First we need to know the submissions to CRAN. We can download the last 3 years of CRAN submissions thanks to cransays.

cdh <- cransays::download_history()

Here is the bulk of the analysis of the history of package submissions. This is explained in different posts, but basically I keep only one package per snapshot, try to identify new submissions instead of changes in the same submission and calculate some date-related variables.

library("dplyr", warn.conflicts	 = FALSE)
library("lubridate", warn.conflicts	 = FALSE)
library("tidyr", warn.conflicts	 = FALSE)
diff0 <- structure(0, class = "difftime", units = "hours")
cran <- cdh |> 
  filter(!is.na(version)) |> 
  distinct() |> 
  arrange(package, snapshot_time) |> 
  group_by(package, snapshot_time) |> 
  # Remove some duplicated packages in different folders
  mutate(n = seq_len(n())) |> 
  filter(n == n()) |> 
  ungroup() |> 
  select(-n) |> 
  arrange(package, snapshot_time, version) |> 
  # Packages last seen in queue less than 24 ago are considered same submission 
  # (even if their version number differs)
  mutate(diff_time = difftime(snapshot_time, lag(snapshot_time), units = "hour"),
         diff_time = if_else(is.na(diff_time), diff0, diff_time), # Fill NAs
         diff_v = version != lag(version),
         diff_v = if_else(is.na(diff_v), TRUE, diff_v), # Fill NAs
         near_t = abs(diff_time) <= 24,
         resubmission = !near_t | diff_v, 
         resubmission = if_else(resubmission == FALSE & diff_time == 0, 
                               TRUE, resubmission),
         resubmission_n = cumsum(as.numeric(resubmission)),
         new_version = !near(diff_time, 1, tol = 24) & diff_v, 
         new_version = if_else(new_version == FALSE & diff_time == 0, 
                               TRUE, new_version),
         submission_n = cumsum(as.numeric(new_version)), .by = package) |> 
  select(-diff_time, -diff_v, -new_version, -new_version, -near_t) |> 
  mutate(version = package_version(version, strict = FALSE),
         date = as_date(snapshot_time))

Now we need to compare with the CRAN archive to know if the submission were accepted.

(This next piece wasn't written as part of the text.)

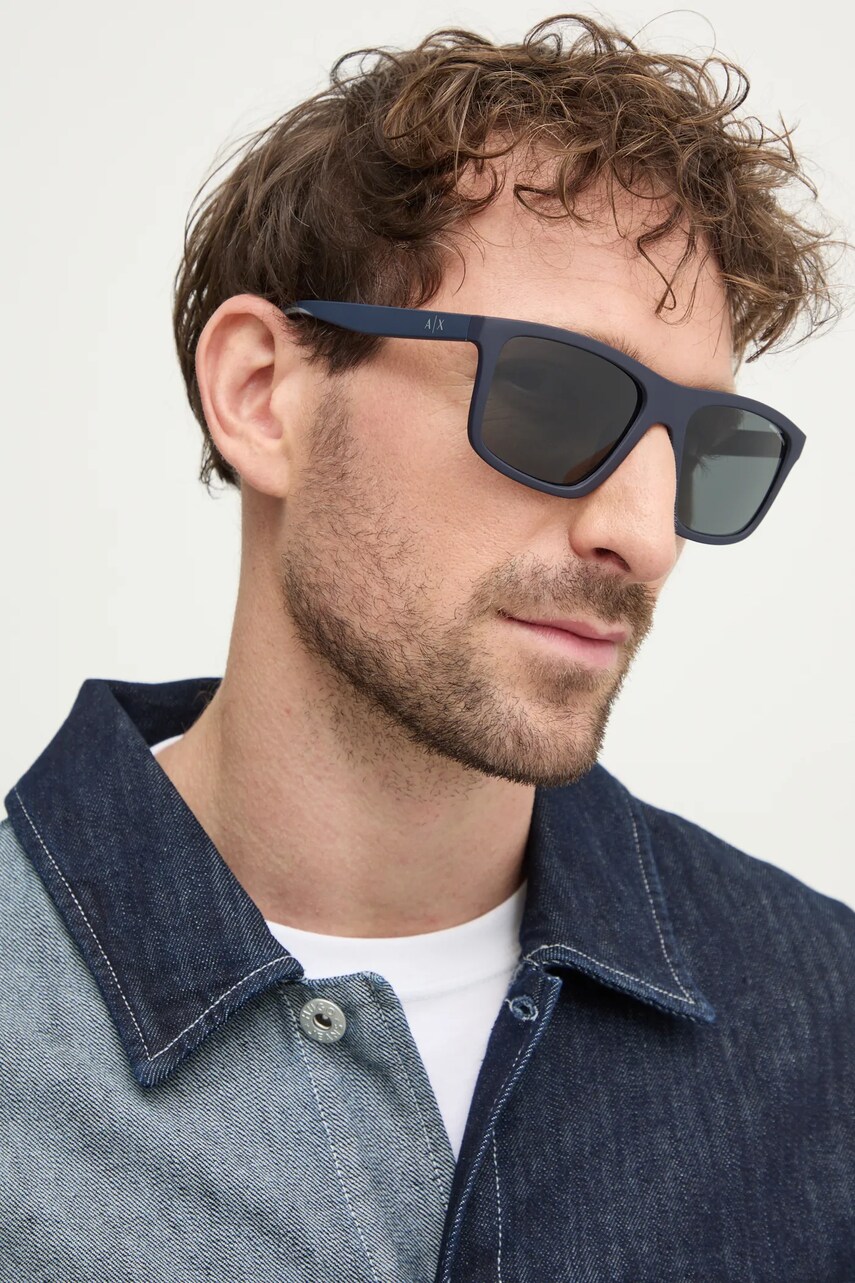 Armani Exchange ochelari de soare barbati, culoarea albastru marin, 0AX4149SU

First we need to retrieve the data:

cran_archive <- tools:::CRAN_archive_db()
# When row binding the data.frames that have only one row lose they row name:
# handle those cases to keep the version number:
archived <- vapply(cran_archive, NROW, numeric(1L))
names(cran_archive)[archived == 1L] <- vapply(cran_archive[archived == 1L], rownames, character(1L))
# Merge current and archive data
cran_dates <- do.call(rbind, cran_archive)
cran_dates$type <- "archived"
current <- tools:::CRAN_current_db()
current$type <- "available"
cran_h <- rbind(current, cran_dates)
# Keep minimal CRAN data archive
cran_h$pkg_v <- basename(rownames(cran_h))
rownames(cran_h) <- NULL
cda <- cran_h |> 
  mutate(strcapture(x = pkg_v, "^(.+)_([0-9]*.+).tar.gz$", 
                    proto = data.frame(package = character(), version = character())),
         package = if_else(is.na(package), pkg_v, package)) |> 
  arrange(package, mtime) |> 
  mutate(acceptance_n = seq_len(n()), .by = package) |> 
  select(package, pkg_v, version, acceptance_n, date = mtime, uname, type) |> 
  mutate(date = as_date(date))

We use tools:::CRAN_current_db, because package.available will filter packages based on OS and other options (see the filter argument).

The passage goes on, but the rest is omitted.